- **Information supplied**

"""

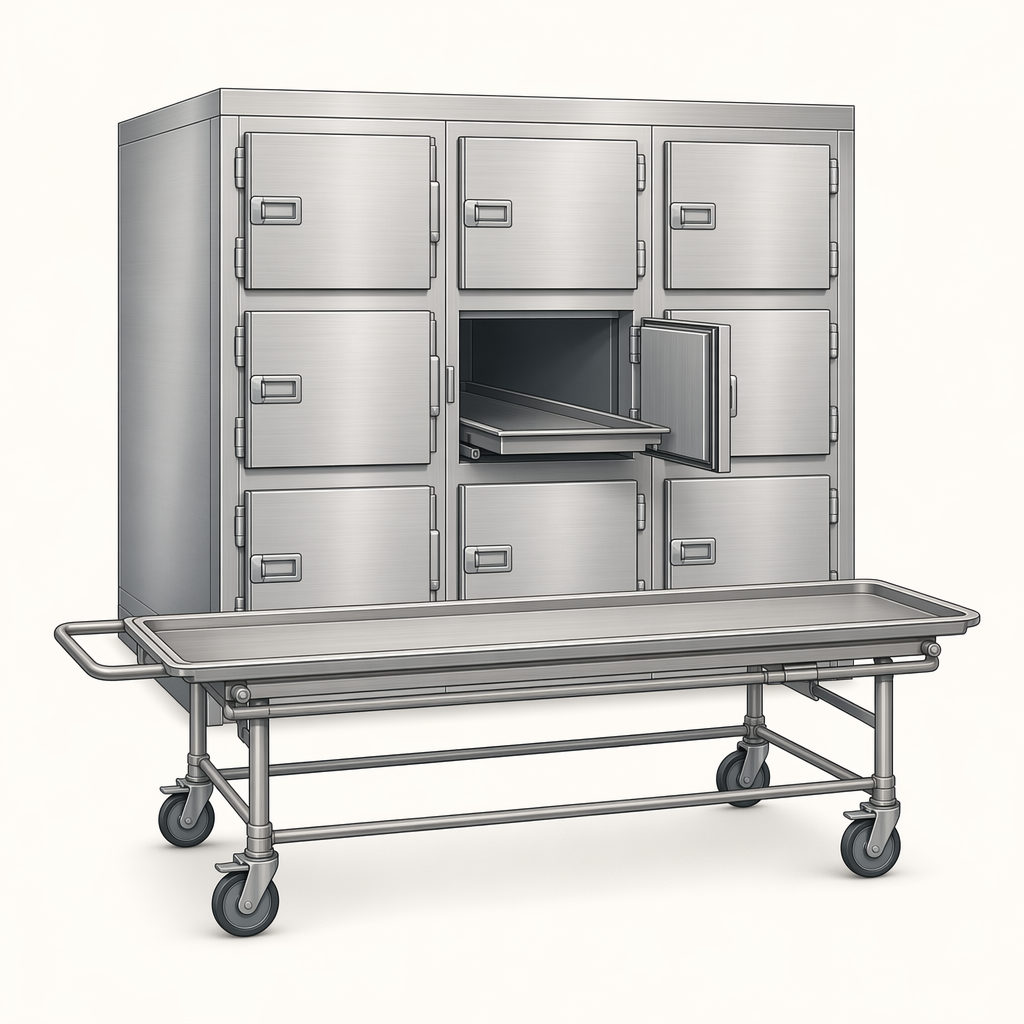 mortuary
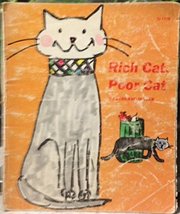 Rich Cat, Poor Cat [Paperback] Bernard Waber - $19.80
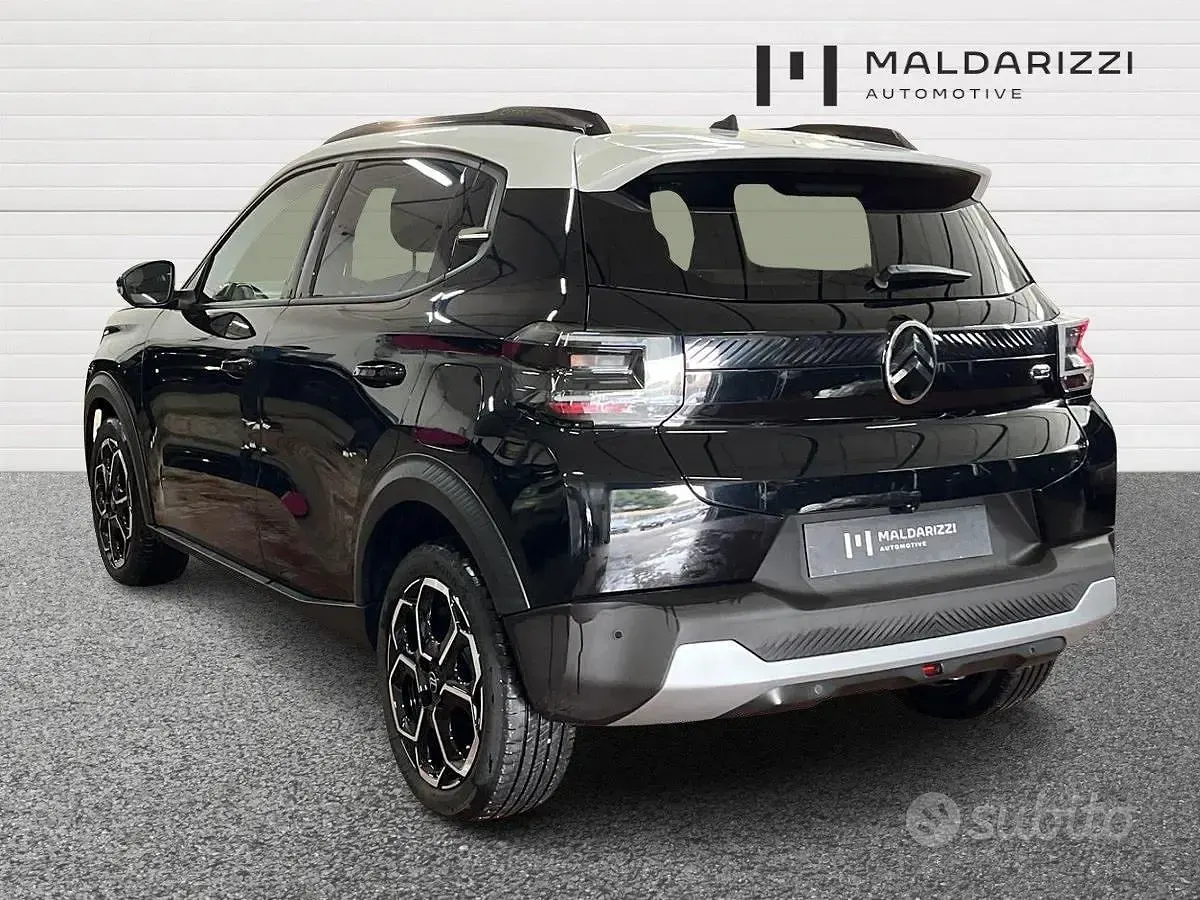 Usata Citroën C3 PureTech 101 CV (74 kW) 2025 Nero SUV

"""

- **Required work**
All that belongs in the answer is the exact run of lines from the line containing "Rich Cat, Poor" to the end of the listing above, pictures removed.

- **Answer to the exercise**
 Rich Cat, Poor Cat [Paperback] Bernard Waber - $19.80
 Usata Citroën C3 PureTech 101 CV (74 kW) 2025 Nero SUV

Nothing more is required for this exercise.